Dans le cas de Deutsche Bank, elle s’est surpassée.
La banque allemande n’a pas les moyens – ni l’intention - de payer ne serait-ce que la moitié des 14 milliards de dollars dont elle est menacée pour ses abus en matière de prêts immobiliers remontant aux années folles de la finance.
Le niveau de ses fonds propres tomberait au-dessous des exigences des régulateurs, même en y ajoutant les 5,5 milliards d’euros de provisions mis de côté pour solder les litiges multiples qui l’assaillent.
Les estimations d’analystes diffèrent mais ils partagent l’idée qu’au-delà d’une facture de 6 milliards de dollars, une nouvelle augmentation de capital serait inévitable.
Car les autres procès en cours coûteront cher à solder eux aussi.
Deutsche Bank veut absolument éviter un nouvel appel au marché car un risque d’échec ne serait pas nul.
Ce serait la quatrième depuis 2010, pour un montant global de près de 22 milliards d’euros, dont 8,5 milliards pour la dernière augmentation de capital, il y a deux ans.
Il est néanmoins possible qu’une négociation habile réduise fortement la facture.
Goldman Sachs l’a montré en divisant la sienne par trois, la ramenant d’une menace de 15 milliards à une réalité de 5.
Mais il faudra faire vite.
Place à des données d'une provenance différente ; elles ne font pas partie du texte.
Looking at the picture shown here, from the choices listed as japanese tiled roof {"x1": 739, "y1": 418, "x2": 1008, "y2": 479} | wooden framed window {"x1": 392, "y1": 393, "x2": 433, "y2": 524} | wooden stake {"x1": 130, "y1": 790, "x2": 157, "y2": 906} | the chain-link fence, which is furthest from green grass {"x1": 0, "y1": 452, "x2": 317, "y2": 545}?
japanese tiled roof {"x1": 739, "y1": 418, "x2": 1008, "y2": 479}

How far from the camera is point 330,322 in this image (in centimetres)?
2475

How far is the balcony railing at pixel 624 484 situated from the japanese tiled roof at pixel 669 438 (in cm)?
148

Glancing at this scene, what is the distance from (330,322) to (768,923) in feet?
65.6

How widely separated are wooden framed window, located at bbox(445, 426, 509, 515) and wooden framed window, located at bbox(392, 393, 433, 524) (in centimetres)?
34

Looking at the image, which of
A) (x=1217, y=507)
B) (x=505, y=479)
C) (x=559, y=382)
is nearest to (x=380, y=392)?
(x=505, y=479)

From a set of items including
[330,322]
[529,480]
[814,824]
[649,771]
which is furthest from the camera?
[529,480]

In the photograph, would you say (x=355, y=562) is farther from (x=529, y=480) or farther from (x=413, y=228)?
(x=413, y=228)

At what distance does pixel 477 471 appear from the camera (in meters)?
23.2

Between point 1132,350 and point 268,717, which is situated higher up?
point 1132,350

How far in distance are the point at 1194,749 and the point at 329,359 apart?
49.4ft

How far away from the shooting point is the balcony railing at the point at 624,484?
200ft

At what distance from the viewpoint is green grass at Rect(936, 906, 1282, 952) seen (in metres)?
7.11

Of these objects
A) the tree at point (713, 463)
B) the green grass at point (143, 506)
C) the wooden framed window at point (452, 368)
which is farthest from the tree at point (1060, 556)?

Car la seule évocation d’une telle ardoise fragilise l’établissement.
Il a perdu 8% vendredi en Bourse, et le doute a resurgi sur sa capacité à rembourser ses dettes.
Rien de plus dangereux pour une banque que quand le marché prend peur.
La Justice américaine n’en a cure et en joue. Sa stratégie de l’épreuve de force n’est pas sans risque pour la stabilité financière.